[RFC] Use the 'new' offloding driver for CUDA and HIP compilation by default

Overview

The new offloading driver is a unified interface to create applications from single source offloading languages such as CUDA, OpenMP, or HIP. It has been the default method used to create OpenMP offloading programs following the LLVM 15 release but has remained opt-in for CUDA and HIP through the --[no-]offload-new-driver flags. I am proposing that we update both HIP and CUDA to use this compilation method by default.

The new offloading driver supports several features.

  • A unified and simplified interface allowing for linking providing interoperability between different offloading languages
  • Linking and compiling redistributable device code with -fgpu-rdc
  • Support for static libraries containing device code
  • Device-side LTO support through -foffload-lto
  • Supports compilation on both Windows and Linux
  • Completely compatible with standard builds, no CUDA_SEPARABLE_COMPILATION needed

New driver internals

Single source languages provide several challenges to standard build systems. This is because a single source file will generate multiple output objects which all must be separately linked. In order to support this, the new driver primarily uses two utilities, the clang-offload-packager and the clang-linker-wrapper.

The clang-offload-packager takes multiple device images and bundles them into a single binary blob containing metadata about each image. This blob is then inserted into a section called .llvm.offloading by the offloading toolchain so each compilation step yields a single output file.

The clang-linker-wrapper wraps around the user’s standard linker job so it can preprocess the embedded device images. It will scan the input files for embedded device code and use the embedded metadata to link it into a valid GPU image. This image will then be wrapped into a registration module that makes the necessary runtime calls to register the image with the CUDA, HIP, or OpenMP runtime. This module then gets appended to the link job and the linker runs as normal.

These steps can be inspected during a standard compilation of a simple “hello world” CUDA kernel…

$ clang hello.cu --offload-arch=sm_70,sm_80 --offload-new-driver -fgpu-rdc -c
$ llvm-objdump --offloading hello.o
hello.o:	file format elf64-x86-64

OFFLOADING IMAGE [0]:
kind            cubin
arch            sm_70
triple          nvptx64-nvidia-cuda
producer        cuda

OFFLOADING IMAGE [1]:
kind            cubin
arch            sm_80
triple          nvptx64-nvidia-cuda
producer        cuda
$ clang hello.o --offload-link -lcudart
$ ./a.out
Hello World!

The above steps are identical for HIP or OpenMP modulo flags and they can be linked together. More information is provided in the clang documentation Offloading Design & Internals — Clang 19.0.0git documentation.

What is required

The OpenMP offloading toolchain has been using this compilation method for over a year and a half. The functional change will simply be toggling a default false switch to true and updating the tests. We will want to test the default change on the existing builders as well. Downstream compilers may wish to retain the old default, but it will be a simple matter of keeping the boolean set false.

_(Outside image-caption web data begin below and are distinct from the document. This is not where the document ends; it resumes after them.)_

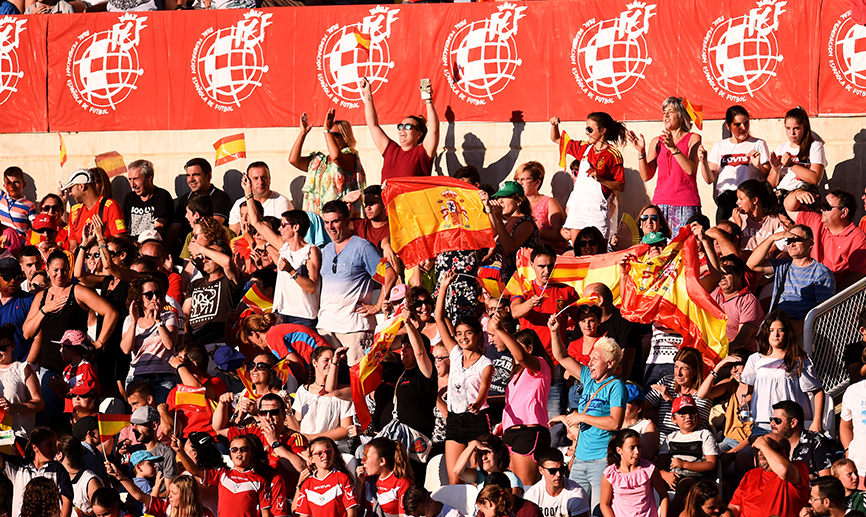 El público de Santander, durante el España-Finlandia femenino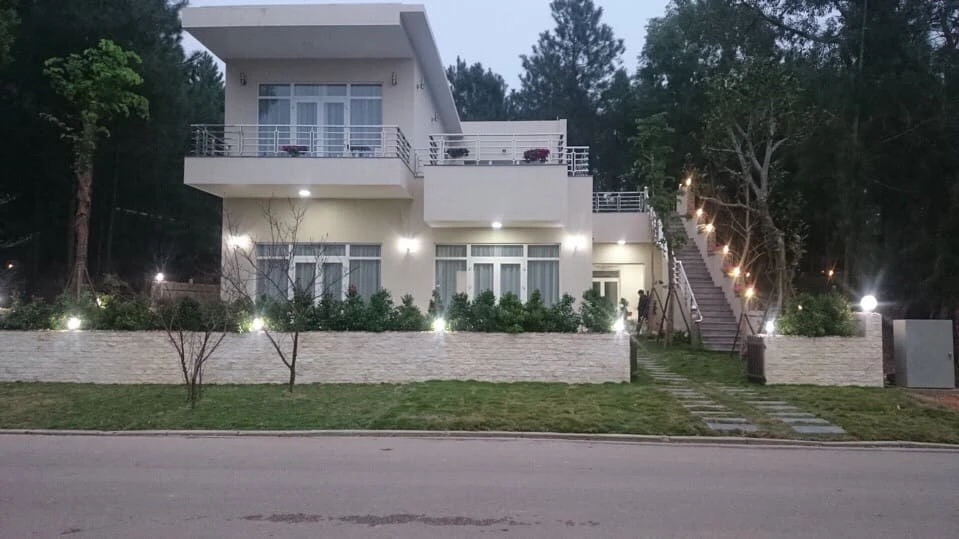Ảnh B180 Flamingo Đại Lải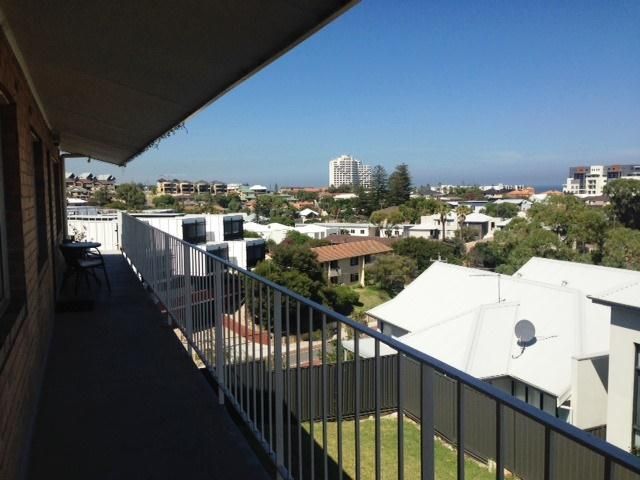 1 bedrooms Apartment / Unit / Flat in 21/176 Elliott Road SCARBOROUGH WA, 6019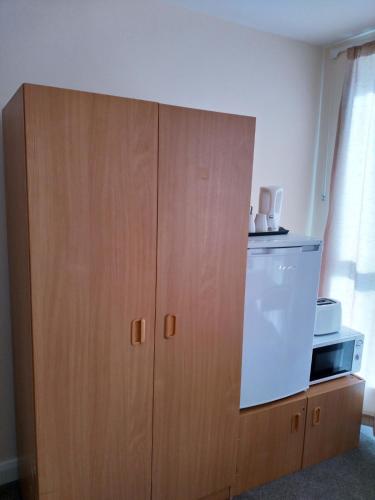 Facilities, Denny Guests House / Green Lane in Kensington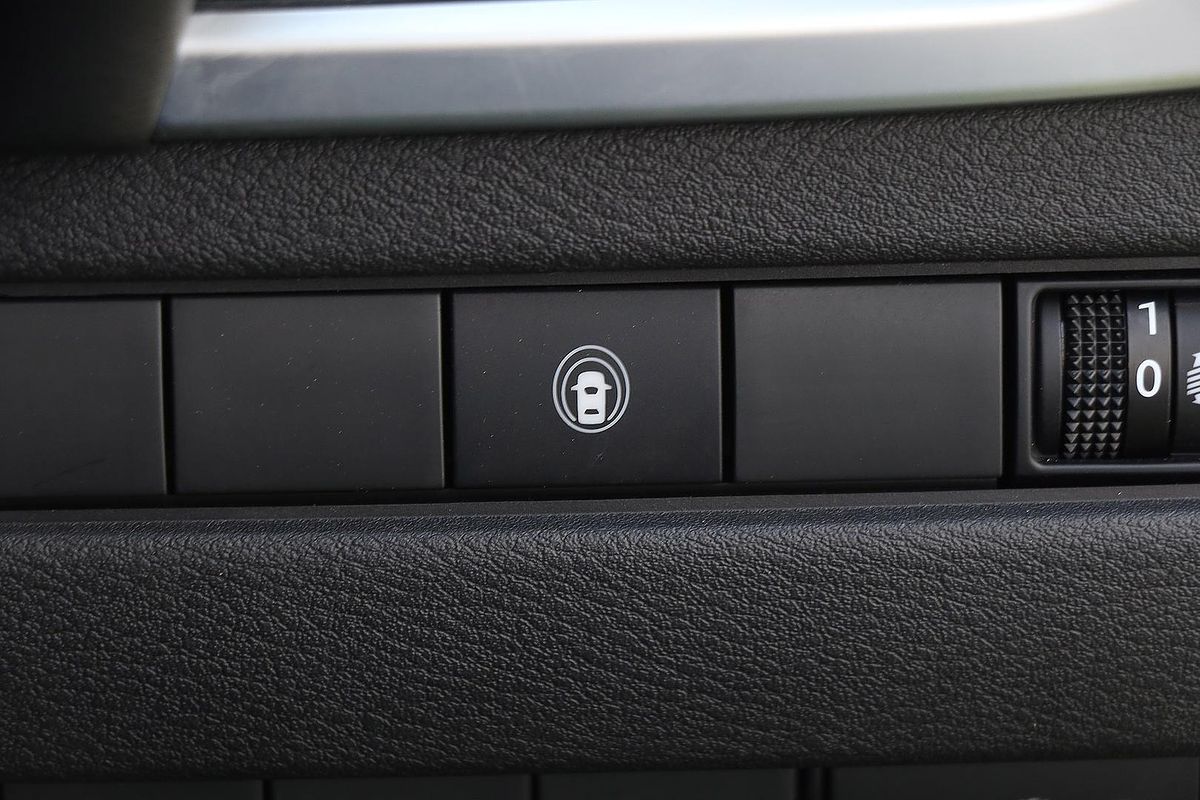 2025 Nissan X-TRAIL ST T33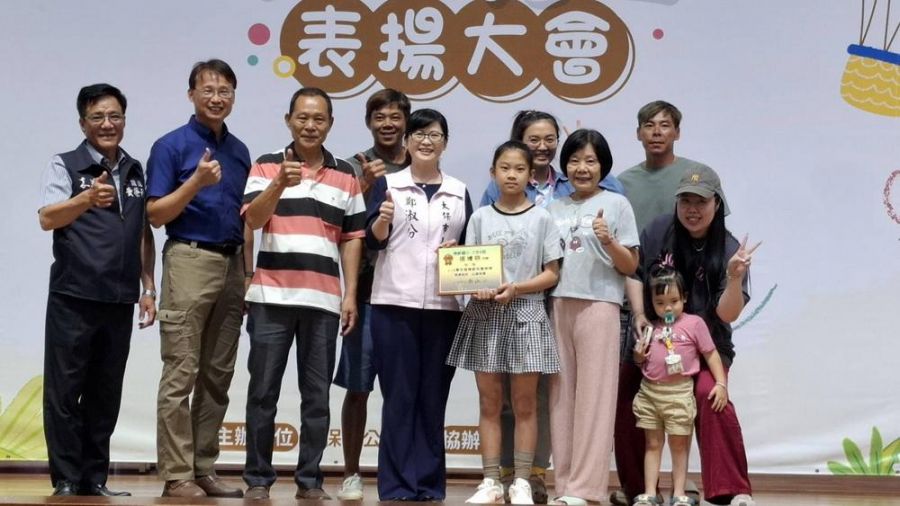 114年太保市模範兒童表揚  鄭淑分市長頒獎勉勵品格與成就並重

Potentially observable changes

These are a few of small issues that may need to be addressed first.

  • Currently Does not have a flag to enable for HIP image compression
  • Currently does not embed PTX code
  • Currently does not register HIP __managed__ variables
  • LTO linking may provide different results to HIP’s current llvm-link invocation
  • Obtaining linked intermediate files requires -save-temps as these steps are no longer in the driver from -###.

Conclusion

I want to toggle the switch to use the new driver by default so users need to opt-out with --no-offload-new-driver. This will simplify our offloading toolchain and make it easier to interoperate as we move forward with more GPU infrastructure.

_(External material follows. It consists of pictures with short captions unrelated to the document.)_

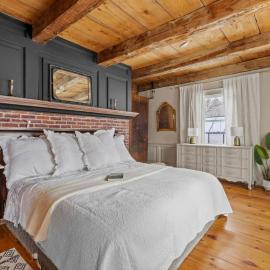 Farm Adventure, Animals & Fire Pit, Lakes Region, hotel u gradu 'Gilmanton'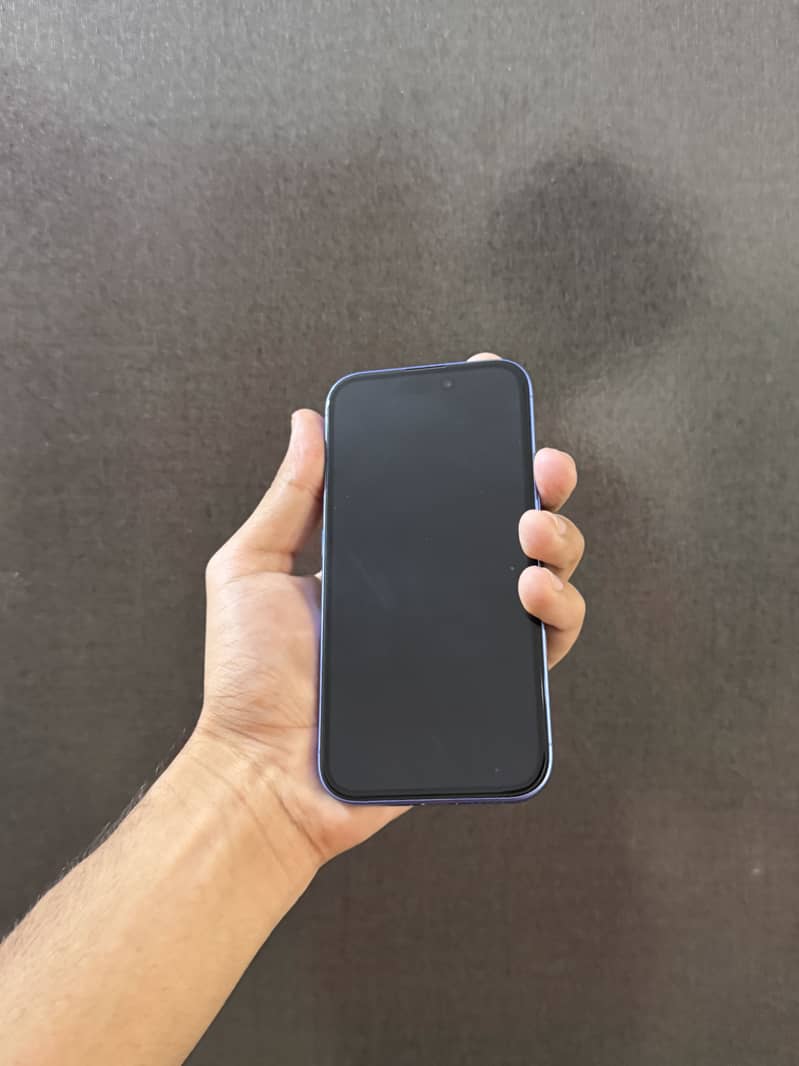Apple iPhone 16 6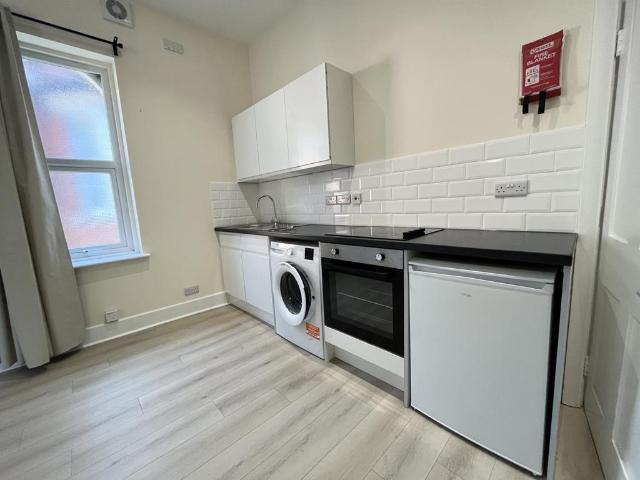 26 Magdala Road, Mapperley Park. 1 bed apartment to rent £650 pcm £150 pw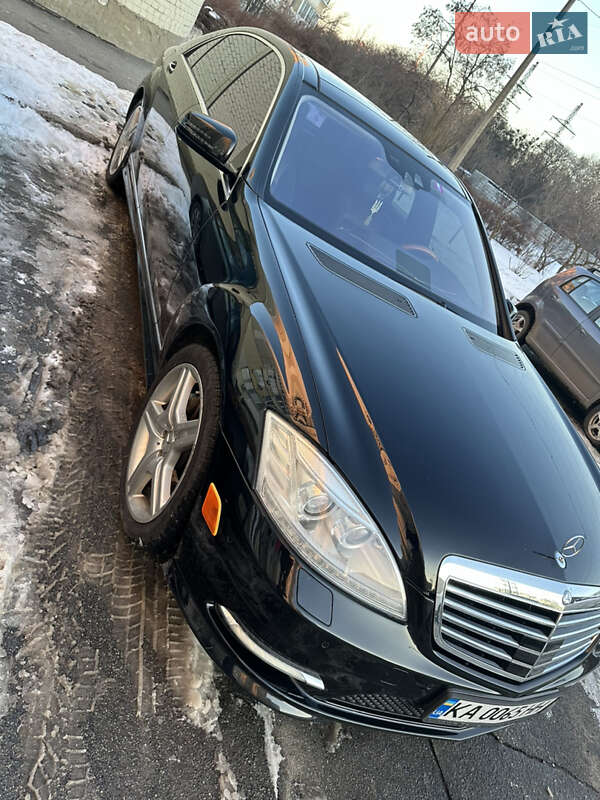 Седан Mercedes-Benz S-Class 2010 в Киеве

@jdoerfert @Artem-B @yxsamliu @MaskRay

Thanks for reading, comments welcome.

3 Likes

This is a great milestone! Thank you for all the effort you’ve put into improving offloading infrastructure in LLVM.

But… there are still is to dot and ts to cross.

I think, this is going to be a pretty disruptive change, and we should be very careful with the transition planning. If there are past precedents of major user-facing compilation changes, it would be great to revisit lessons learned there.

Before we flip the switch we need to make sure that compilation will still work out of the box for most of the existing users.

E.g. we should talk to folks working on tensorflow and NVIDIA’s cccl and check what kinds of issues they will run into if they try to do the build with the new driver.

We may want to reach out to cmake folks and get the new driver support in place before we make it the default. This should make things “just work” for those who use cmake, which should help with the transition.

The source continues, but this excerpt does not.